The Wirths maintained, among other things, that the premises do not have to be occupied by an artist and that imposing such a condition was improper; and that the co-op board never held a special meeting to determine whether the Wirths, by disallowing the board access to the roof to make repairs, were engaged in "objectionable conduct," which could be grounds for canceling their shares and evicting them.

In a March 23, 2010, decision, Judge Marilyn C. Diamond of the Supreme Court of the City of New York said the co-op board had rightly failed to approve the Withs' apartment-alteration plans because the Wirths had "failed to provide the co-op's architect with the plumbing, electrical and mechanical drawings respecting their planned alterations, and the person in charge of the firm hired to make such alterations was alleged, by the co-op's architect, to be unlicensed."

Waive Goodbye

It further said Dr. Wirth's ouster from the board was proper, since there had had proper written notice of the meeting, that per the bylaws the notice could even have been waived, and that there was quorum of shareholders. The court also confirmed that the proprietary lease gave the co-op board the right to access and examine the roof, and said the Wirths could not use the roof until protective measures were installed. The court sidestepped the objectionable-conduct issue, saying, "[T]he board has not moved to terminate plaintiffs' proprietary lease, rendering this cause of action untimely."

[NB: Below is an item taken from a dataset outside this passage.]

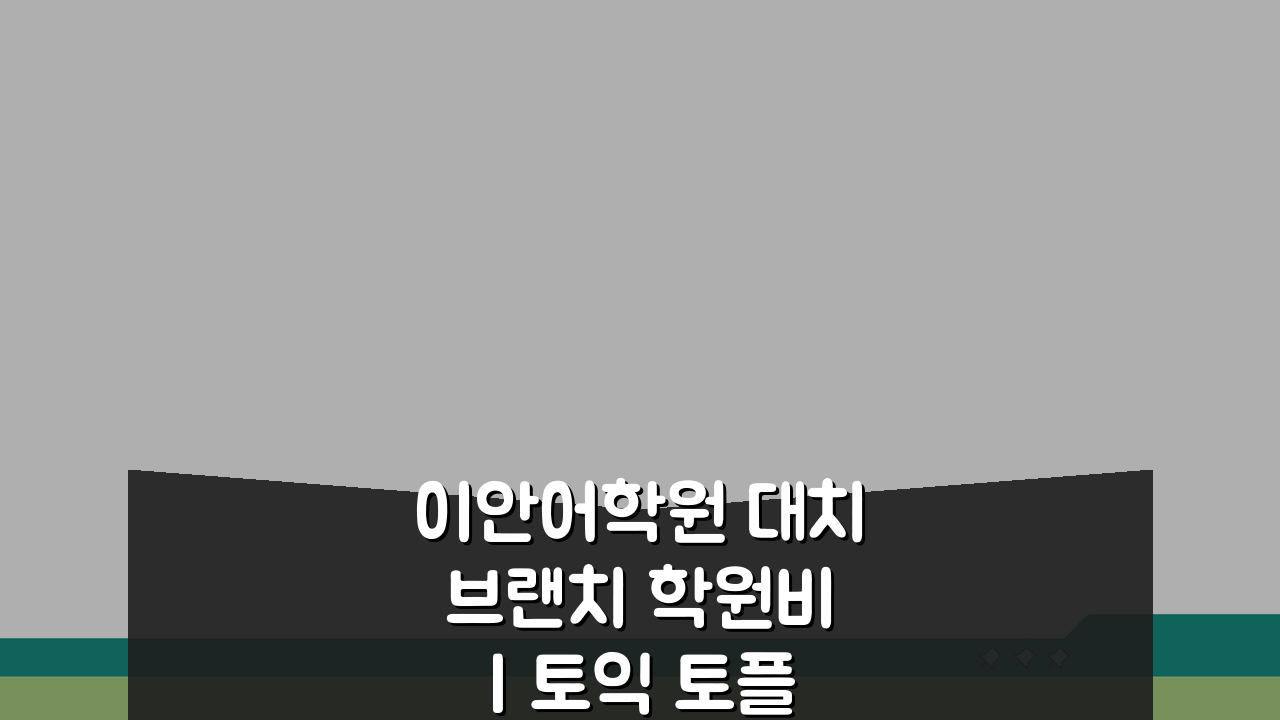 이안어학원 대치브랜치 학원비 | 토익 토플 텝스 수강료 혜택 5가지 비교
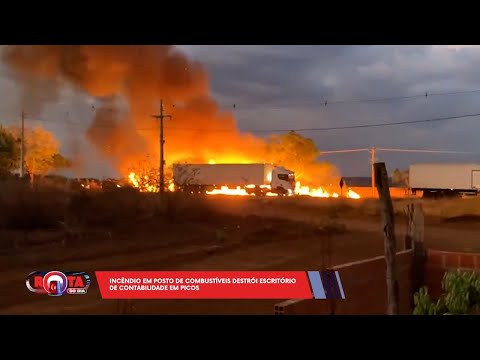 Incêndio em posto de combustível destrói escritório de contabilidade em Picos 15 10 2024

However, the court's finding that the JAR requirement was valid turned out to be in error. That point was overturned yesterday (Aug. 18, 2011) by the Appellate Court, which said that the co-op board misread article 7-B of the New York State Multiple Dwelling Law, which provides that a building that at any time before January 1, 1977, was occupied for loft, commercial or manufacturing purposes may be used for joint living-work quarters for artists or general residential purposes.

Moreover, 158 Chambers Street is in zoning district M1-5, which allows both residential and nonresidential uses. Noting that the Business Judgment Rule does not apply when a co-op board acts outside the scope of its authority, the appellate court said the board could not make JAR certification a condition of sale. Whether the board acted in good faith or not was "at least a triable issue of fact" since the board had relied on the advice of the building's architect.

158Chambers-room

Most notably, perhaps, the appellate court said the Wirths also raised triable issues of fact as to whether the co-op board withheld their consent due to the apartment's sale due "to malice or vendetta and whether they discriminated against plaintiffs."

All told, it was a split decision: The Wirths — who took the apartment (see living room, above) off the market after the second buyer withdrew — can't use the roof until safety measures are installed, and they have to let the board and its professionals up to inspect the roof. But the Wirths don't have to release the escrow funds until issues of fact are settled about the repair work to the hallway and the stairwell — and it's clear that the issue of whether the board acted maliciously or vengefully against the Wirths also remains in play.

One wonders why the board just didn't offer to pay the Wirths for the minuscule amount that the 15 square feet of the 22 x 13 foot — 660 square foot — roof deck was worth. The financial, and certain the emotional and psychological costs, and the sheer time and effort of depositions, two trials, and much ill will seems as if it would have been a whole lot less.